Giorgia Meloni, anche se con l’indeterminatezza di una frase ipotetica, ha dichiarato: «Sì al rigassificatore a Piombino solo se non ci sono alternative». E le alternative, appunto, non ci sono.
La leader di Fratelli d’Italia, allora, dovrà fare i conti con un esponente del suo stesso partito. Francesco Ferrari, sindaco della città portuale, continua a ribadire la sua contrarietà all’opera.
«Sono abituato a guardare i provvedimenti, analizzarli insieme ai legali, ai consulenti tecnici e valutare anche l’eventualità di ricorsi all’autorità giudiziaria. È un ipotesi verosimile che non scartiamo».
Il primo cittadino ha anche accusato Snam – il principale operatore nel trasporto e nello stoccaggio di gas -, di avere fornito una documentazione «totalmente inattendibile. Ci sono grandi mancanze e contraddizioni».
Di parere contrapposto, il presidente della Regione Toscana, Eugenio Giani. «Ci sono tutti i presupposti per andare avanti», ha dichiarato il governatore del Pd al termine della prima riunione della Conferenza dei servizi sul rigassificatore di Piombino.

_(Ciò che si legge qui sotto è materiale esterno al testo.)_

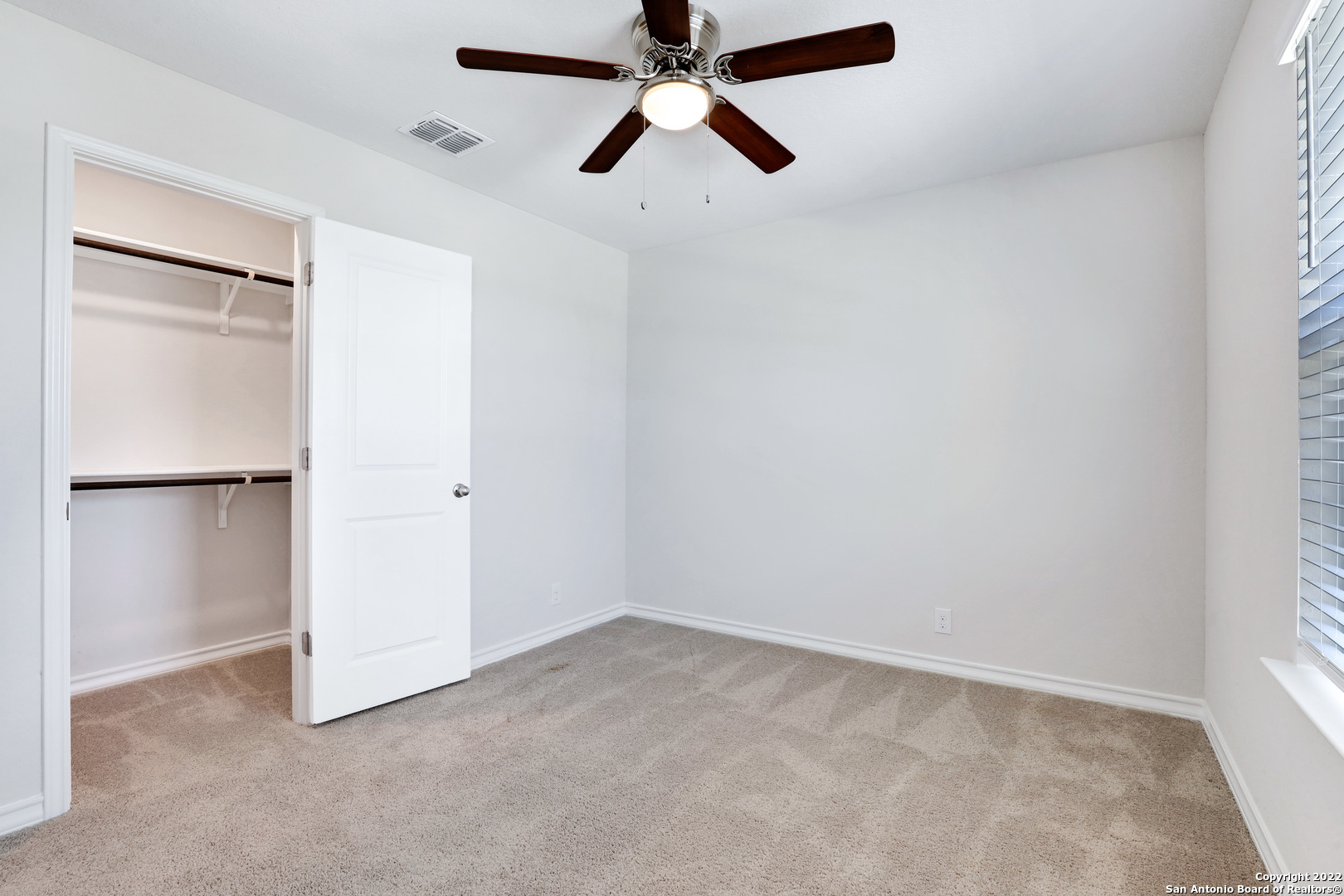 9710 Baytown Coast San Antonio TX 78254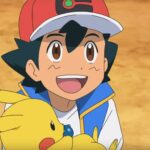 Pokemon TCG Fan Makes Incredible Discovery While Moving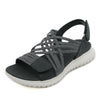 Monique™ orthopädische Komfortsandalen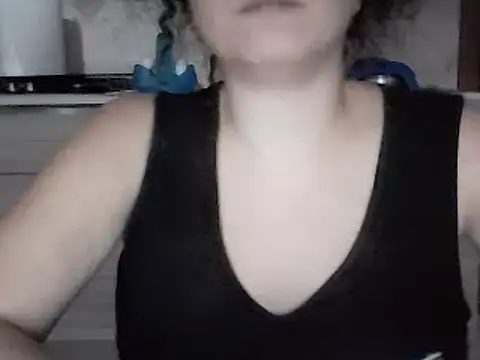 SEXCOPPIA 2023 online show from September 16, 8:28 pm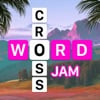 «Crossword Jam+» نسخه جدید Apple Arcade این هفته است که در کنار به‌روزرسانی‌های بزرگ برای بازی‌های قابل توجه عرضه می‌شود – TouchArcade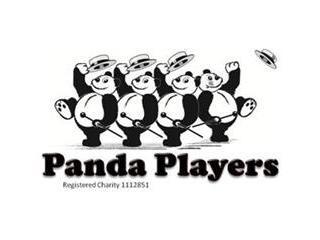 The Panda Players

«Abbiamo discusso di tanti argomenti, dal modo in cui la nave verrà a posizionarsi, al percorso che seguirà il gasdotto dalla punta della nave fino alla rete del gas nazionale, per otto chilometri. Abbiamo avuto il parere e le opinioni per le caratteristiche della nave, anche per il suo colore: la soprintendenza è entrata direttamente nel merito – ha spiegato Giani -. L’unico “no” netto è stato quello del Comune di Piombino, a fronte di oltre 30 enti» che prendono parte alla Conferenza dei servizi”
(da agenzie)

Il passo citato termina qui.